演奏する人を奄美では「唄者」(うたしゃ)と呼ぶ。今日はたまたまであるが、先日私の住む集落の八月踊りで三味線を熱く弾いてくださったその人だった。名瀬の人だが、奥さんの実家が私の集落という関係で参加されていた方だった。しんちゃんは当然知人でもあったけれど、その方がその日来るとは思っていなかったのでその偶然に驚いていた。唄者は本当に味のある三味線の名手だったので2人もしんちゃんも満足した。過去まあじんを訪れて同じ唄者に会ったことはない。
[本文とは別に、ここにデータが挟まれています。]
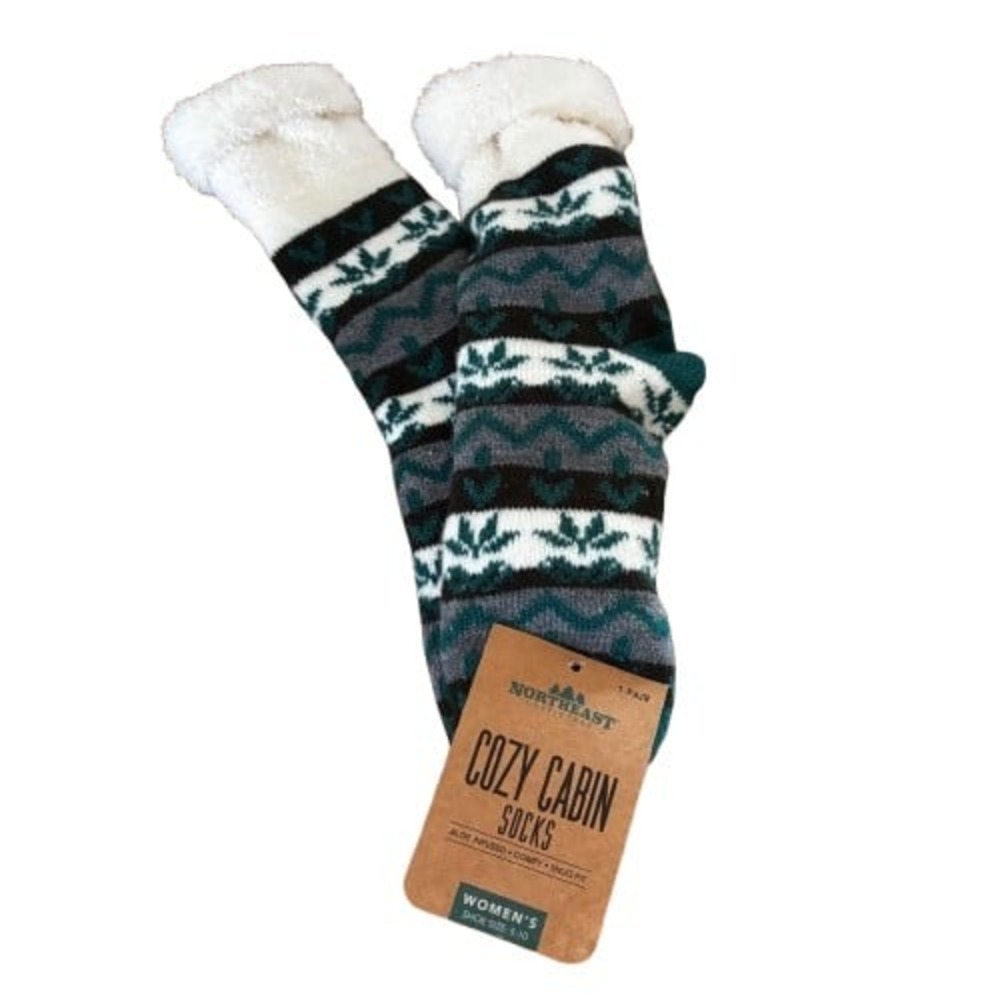 NWT Women's Northeast Outfitters Cabin Socks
その唄者は奄美の文化の説明がとても上手だった。先輩と後輩の2人はその口上に聞き入っていた。来島初日から奄美の風俗文化の雰囲気を知ってもらう為には最高の舞台設定だったと思う。しっとりとゆっくり「朝花節」から始まって、「行きゅんにゃかな」「糸繰り節」と続いていった(実は私もこの2曲を弾くことができる)。一曲毎にその歌の内容を簡潔にに説明し演奏した。とても分かり易く、話のテンポも暖かく、演奏は実に味があった。2人は黒糖焼酎に飲み、珍しい「冬瓜の天ぷら」等に舌鼓を打ちながら「やんご」の夜はゆっくり愉しんだのだった。2人はすっかり奄美の魔法にかかってしまいそのソウルフルな世界を満喫した。唄者は奄美の唄はまさに「ソウル」であると表現した。
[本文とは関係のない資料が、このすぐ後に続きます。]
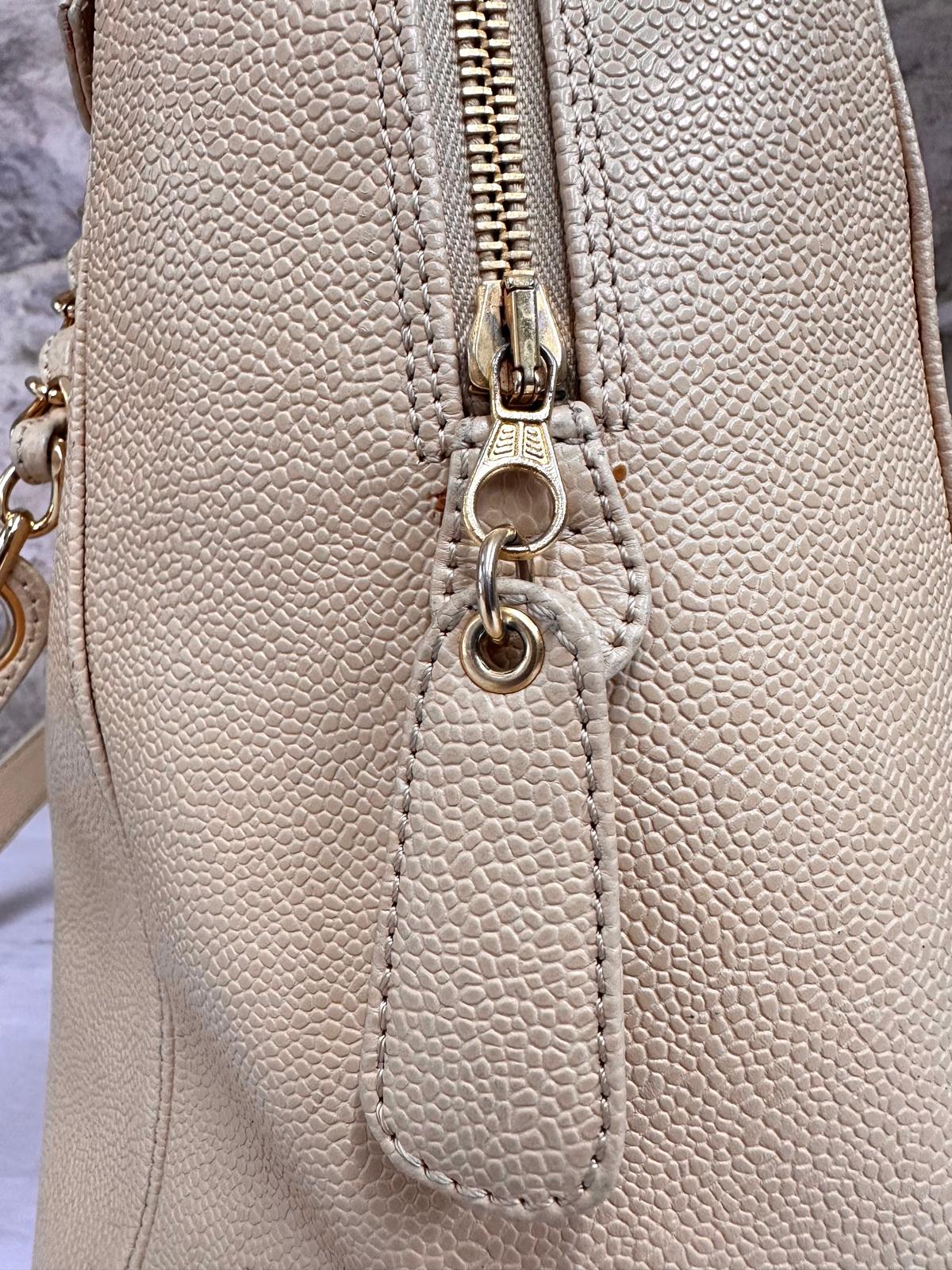 Chanel Maxi Borsa a Spalla Anni ’90 in Pelle Caviar Beige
しんちゃんは「道の島太鼓の名手」でもあったので、「イトー」の曲では見事に舞う様な「踊り打ち」?を披露してくれた。その姿を私は以前何度か見たことがあった。しかし実は彼が最近まで長く大病をしていて太鼓から離れていた。だから大丈夫なのかな?と一瞬心配したのだけれど全くその心配は無用だった。会話の滑らかさはまだ回復していなかったけれど、体で覚えた太鼓のリズムは不思議なことに依然健在であった。太鼓を体の芯が覚えているのだろうか?自然に体が三味線に同調してしまう様で気持ちよく舞った。見事な太鼓だった。優しいしんちゃんにIさんもK君もすっかり惚れ込んでしまったし、私のしんちゃんへの接待の「特命」は大成功に果たされたと私は思っている。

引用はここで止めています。